I chose to engage. Carefully. But to engage nonetheless.
“What causes rape?” I asked.
“Is rape going to happen if a lot of girls or women are gathered in one place and a man is teaching them?” I asked.
Slience, and then a quiet, “…maybe.”
“Okay. Here’s a question: Why do people rape?”
“Why do you think people rape?” I repeated.
“…maybe because the woman is dress very… not nice. Maybe too sexy.”
I didn’t laugh or roll my eyes. I just shook my head. “Nope.”
Someone else spoke. “Maybe because she walk alone at night.”
“Nope,” I said.
“But I know a story, Teacher,” one student said. “One woman, she walk alone at night, and this happened to her. It terrible.”
“I agree. It is terrible. But it’s also not her fault.”
“Listen, rape is not the woman’s fault.” (I used “woman” because for this group of students, the concept of a woman raping a man is totally impossible–but that’s another topic).
At this point, I could see the fierce agreement in the eyes of my female students.

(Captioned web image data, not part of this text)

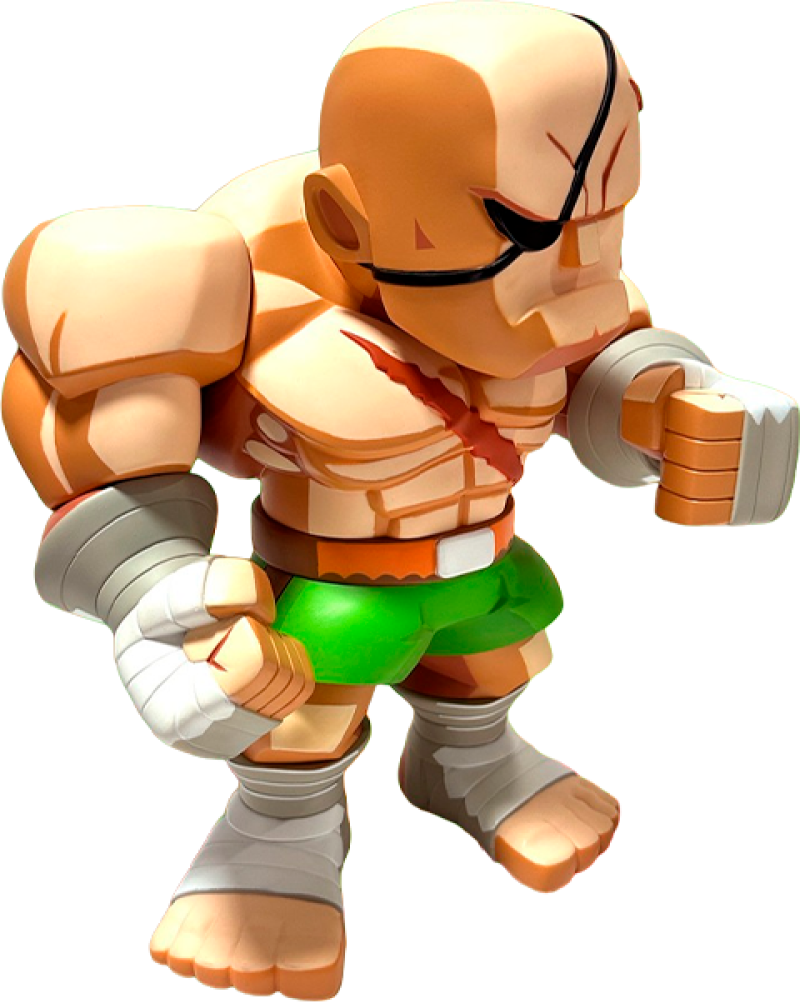 Sagat Collectible Figure by BigBoysToys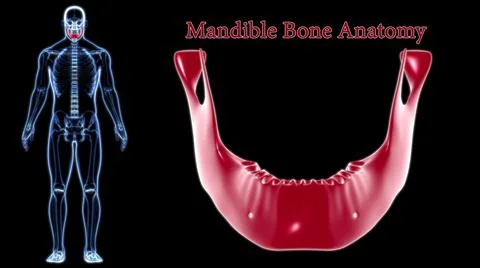 Human Skeleton Skull Mandible Bone Anatomy For Medical Concept 3D Stockillustratie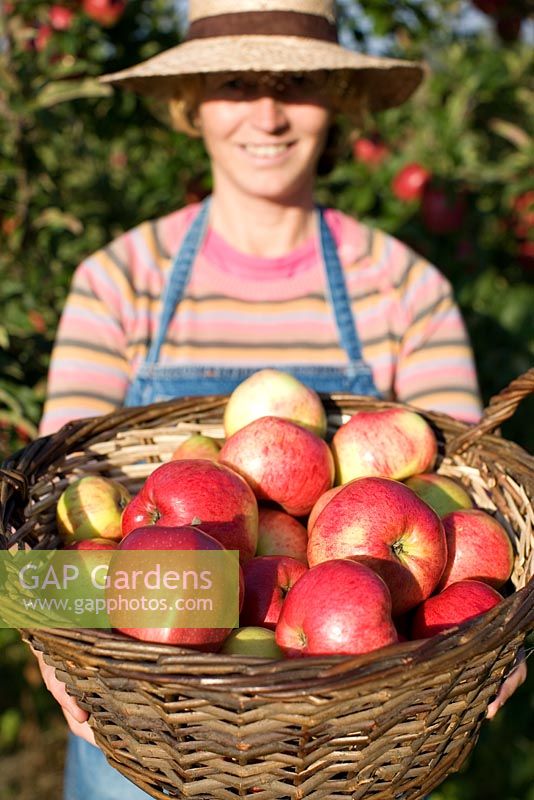 Woman holding basket with freshly picked Malus 'Cox Pomone' - apples from organic farmed apples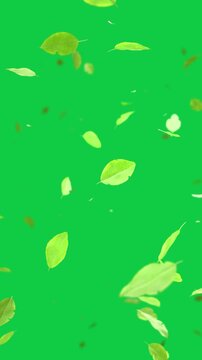 Vertical video: Leaves and dots starting on transparent canvas, drifting with streaks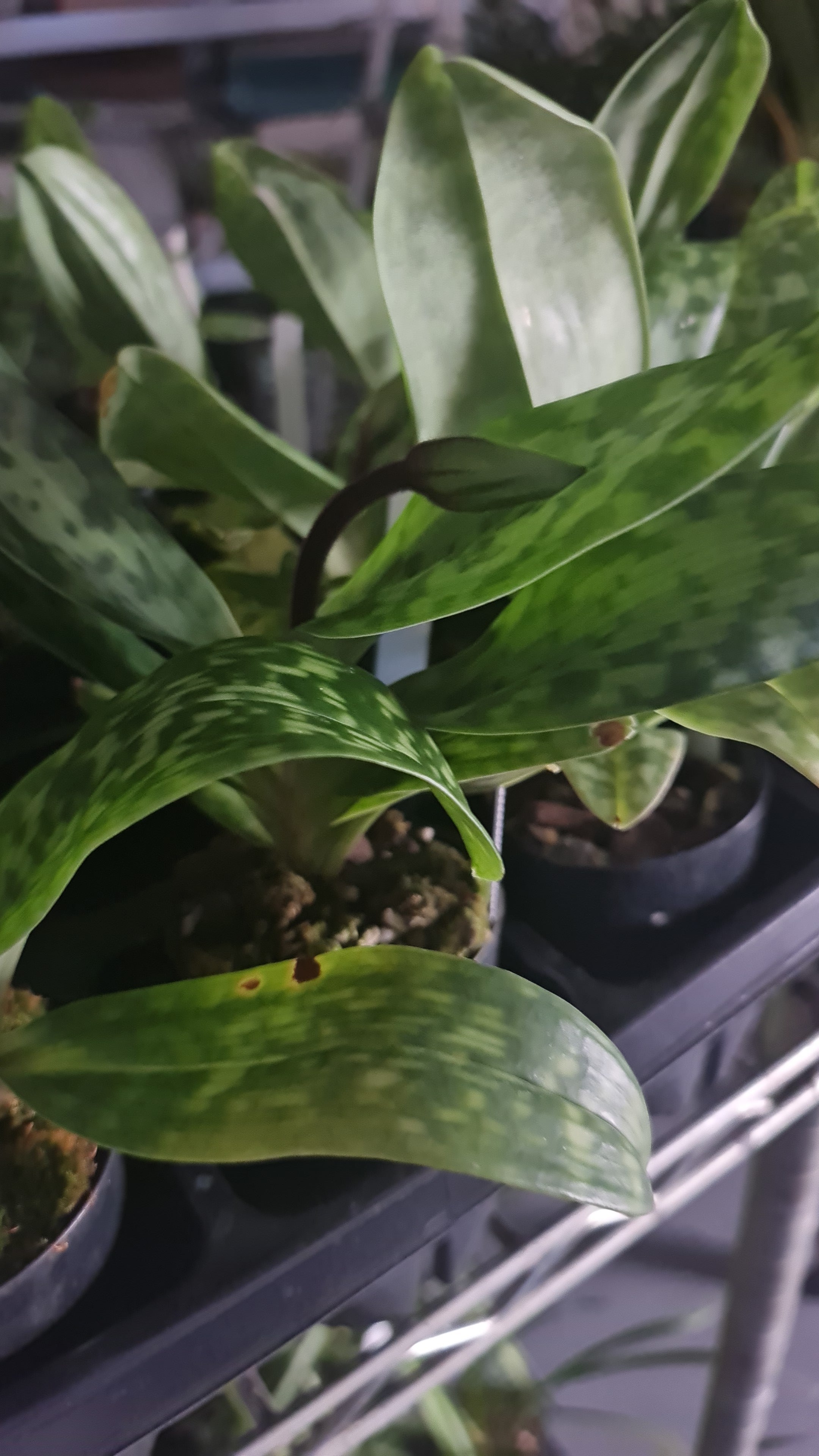 ( IN FLOWER BUDS NOW) Paphiopedilum (In-Charm Silver Bell x Doya Green Prince)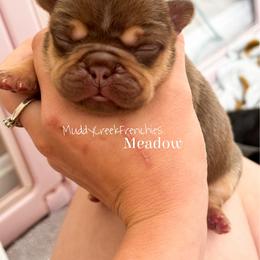 Meadow - Liver female French Bulldog puppy in Pittsburgh, Pennsylvania from Muddy Creek Frenchies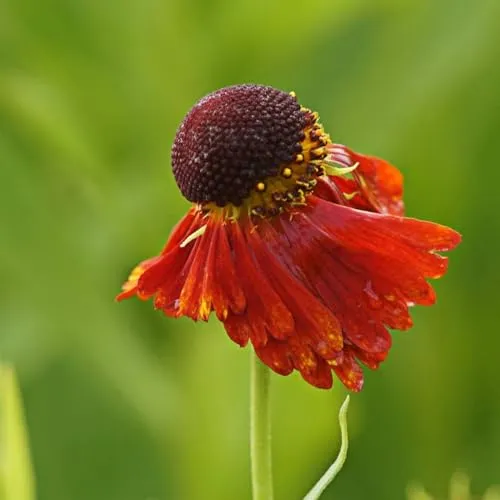 Sonnenbraut Helenium Hybride 'Moerheim Beauty' winterhart Insektenweide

“People rape because they want power or control over someone else. It’s not because a woman is too sexy. Rape isn’t about sex. It’s about power and control. And rape happens over and over and over again… Why?”
“Because we don’t talk about it,” I said. “Because rape is so shameful that we’d rather go to our graves not talking about it then to invite that shame onto our families.”
At this point, the heaviness in the room was palpable.
“Isn’t that right?” I asked.
Around the room, heads nodded. Even those of my male students.
“Rape happens because of power and shame,” I stated emphatically. “And unless we start talking about it, it’s going to continue to happen. Can you imagine if this happened to your daughter? Your sister? Can you imagine how you would feel if you couldn’t do anything about it because you didn’t want people to know about the rape? Can you imagine this?”
And at this point I could see on their faces that they could imagine this horrible reality–because some of them had lived it.
One of my students softly said, “It’s happen in schools sometimes, but also it’s happen a lot in families. Like between cousins.”
Some days, I leave work feeling like nothing I can do makes a difference.
Some days, I leave work feeling like this is the only thing that I can do that makes a difference.